南蛇井総本気

南蛇井にとらわれた言語的表現の場

金与正氏の行く末を案じる

歳のわりに老けているとも言われる金与正だが、政治的手腕や立場抜きで正直いって間違いなく美しい。容姿だけでいったら妻にしたいくらいだ。

それだけに思うのは、今回平昌五輪を契機に対韓外交の表舞台へ出てきた与正氏が、今後どうなるか、だ。実兄の金正恩をも差し置き父正日の後継者に挙がった時期もあるという、優れた政治力だそうだ。

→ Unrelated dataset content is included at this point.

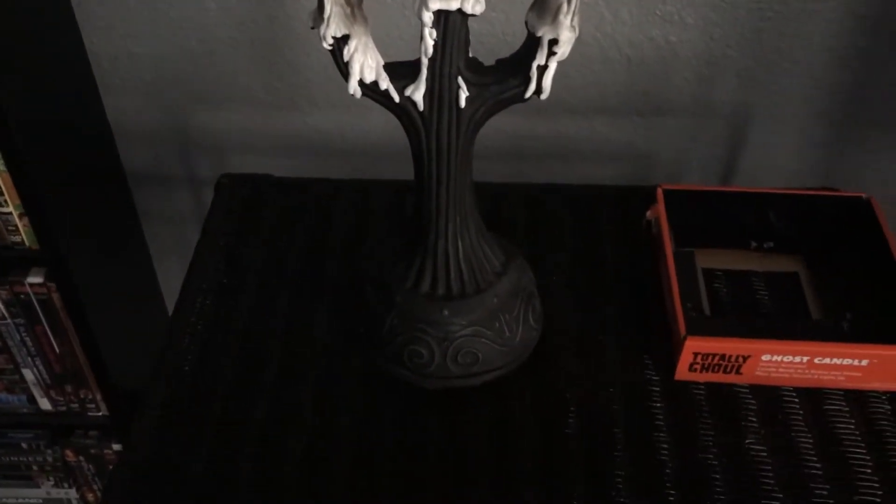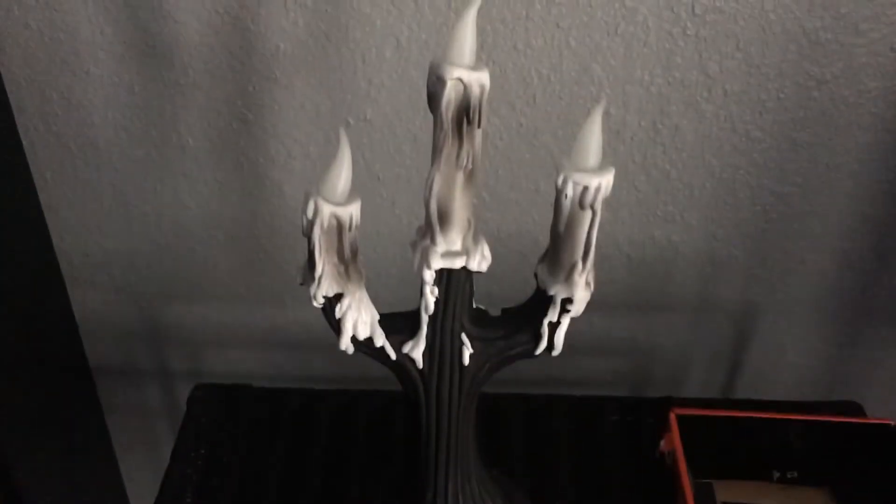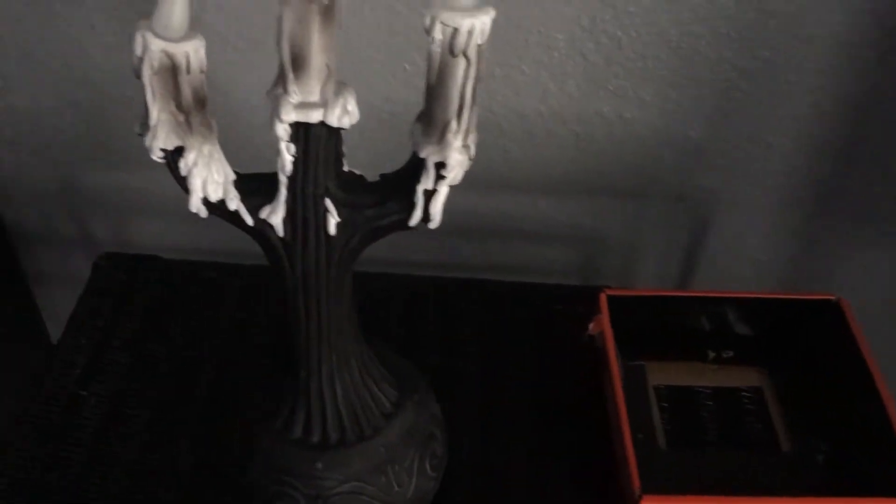What's up everybody, today's video is about this pretty badass animated candle from Kmart. It's called the ghost candle — pretty generic, but totally cool. I've seen this and I had to get it, it's pretty cool.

指導部のなかでも高い職位に就き、正恩を陰で支える裏の指導者ともいわれる。一見恐ろしそうな金ファミリーの一員に思えるが、彼女の地位は決して穏やかではない。美女軍団や五輪選手も含め、北朝鮮が対外的に人民を諸国へ送り出すとき、それは絶大な忠誠心への信頼とともに、彼らが赴く先々で体制を汚すような失態を犯すかどうか試す機会を兼ねている。つまり出張者の外地における言動を逐一監視し、その如何によっては帰国後に地位を剥奪されることもありうる。そしてそれは、たとえ実妹といえども、ではない。親族だからこそ、よりその危険性が高い。今日における金氏三代世襲体制は、親族の粛清によって築かれたといっても過言ではない。近年突如粛清された正日氏の妹婿張成沢氏はいうにおよばず、異母兄弟であるがゆえに存在をすら消されたものも少なくない。ましてや兄の正恩より政治力に秀でているといわれる与正氏のことである。本人の真意に関わらず言動の些細な部分で反逆と解釈されれば、実妹だから庇護されるどころか抹消を目論む正恩の思うつぼ。さらに有能さも仇となり、たとえば外交活動で実力を発揮しすぎたり韓国と単独極秘ルートの交易で私財を肥やしたりすれば、やがて指導者の絶対的地位を脅かすものとみなされ失脚に直結する。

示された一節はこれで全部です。